**** Task data ****
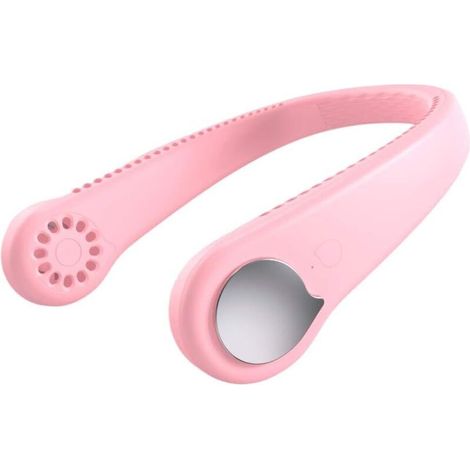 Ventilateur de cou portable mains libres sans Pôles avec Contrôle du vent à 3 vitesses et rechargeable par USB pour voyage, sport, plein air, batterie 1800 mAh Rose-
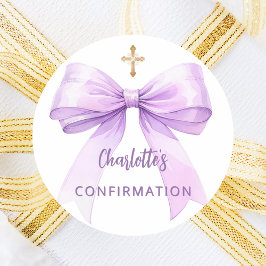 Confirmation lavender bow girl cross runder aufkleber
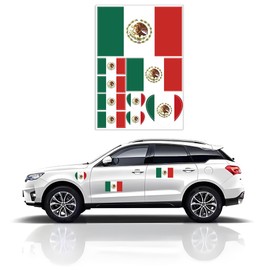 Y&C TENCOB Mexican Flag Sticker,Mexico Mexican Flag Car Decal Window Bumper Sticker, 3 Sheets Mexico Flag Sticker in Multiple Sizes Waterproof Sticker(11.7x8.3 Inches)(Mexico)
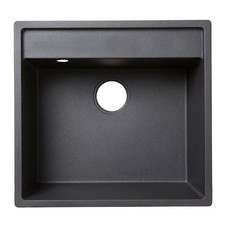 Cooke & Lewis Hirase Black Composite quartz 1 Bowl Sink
****
**** Task data ****
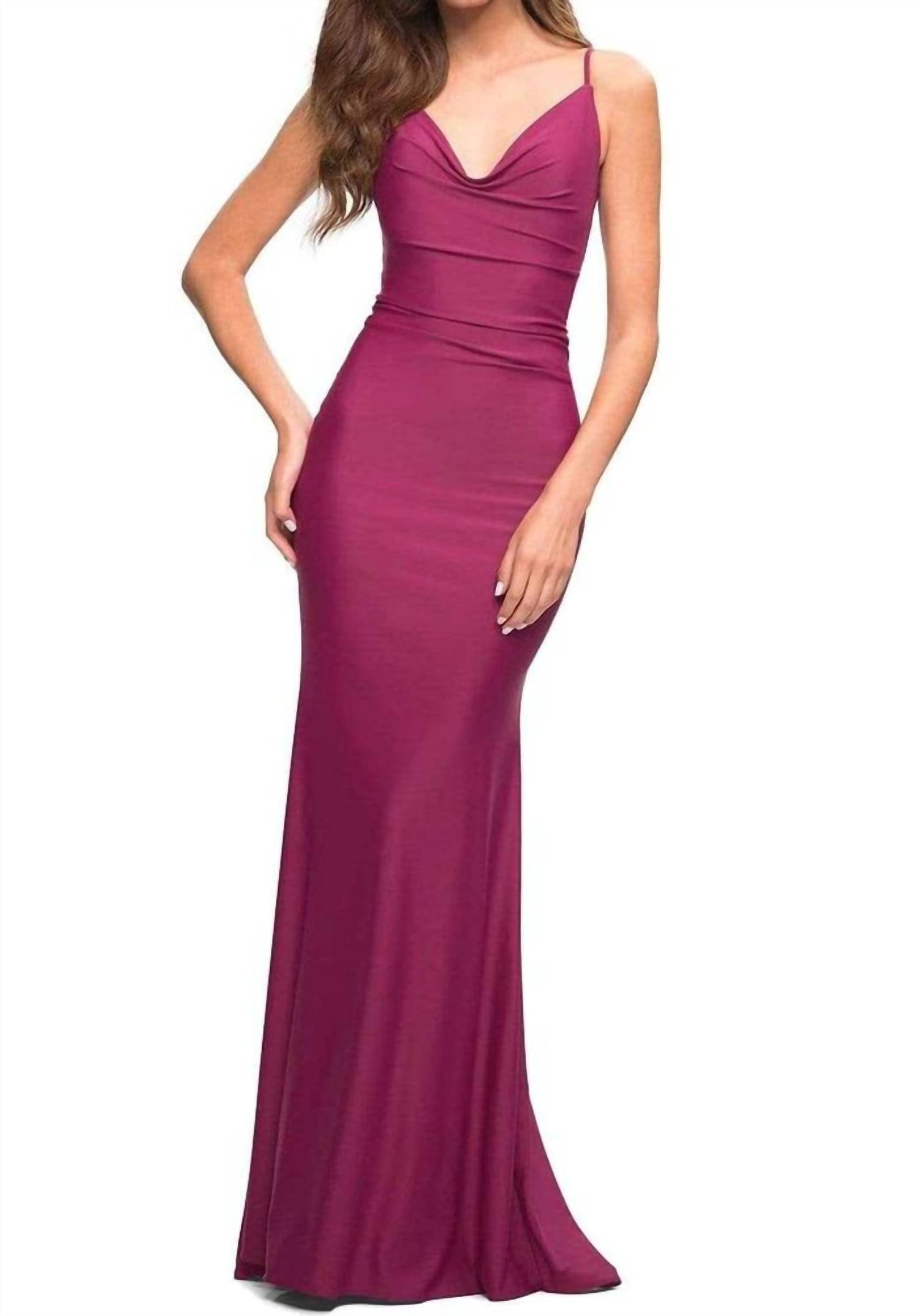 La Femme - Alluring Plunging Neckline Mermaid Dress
****
▸ What to work on:
In the records above, find the line with "Ventilateur de cou" and the line with "Cooke & Lewis"; please transcribe exactly those two lines and all lines between them, omitting any picture.

▸ Solved exercise:
 Ventilateur de cou portable mains libres sans Pôles avec Contrôle du vent à 3 vitesses et rechargeable par USB pour voyage, sport, plein air, batterie 1800 mAh Rose-
 Confirmation lavender bow girl cross runder aufkleber
 Y&C TENCOB Mexican Flag Sticker,Mexico Mexican Flag Car Decal Window Bumper Sticker, 3 Sheets Mexico Flag Sticker in Multiple Sizes Waterproof Sticker(11.7x8.3 Inches)(Mexico)
 Cooke & Lewis Hirase Black Composite quartz 1 Bowl Sink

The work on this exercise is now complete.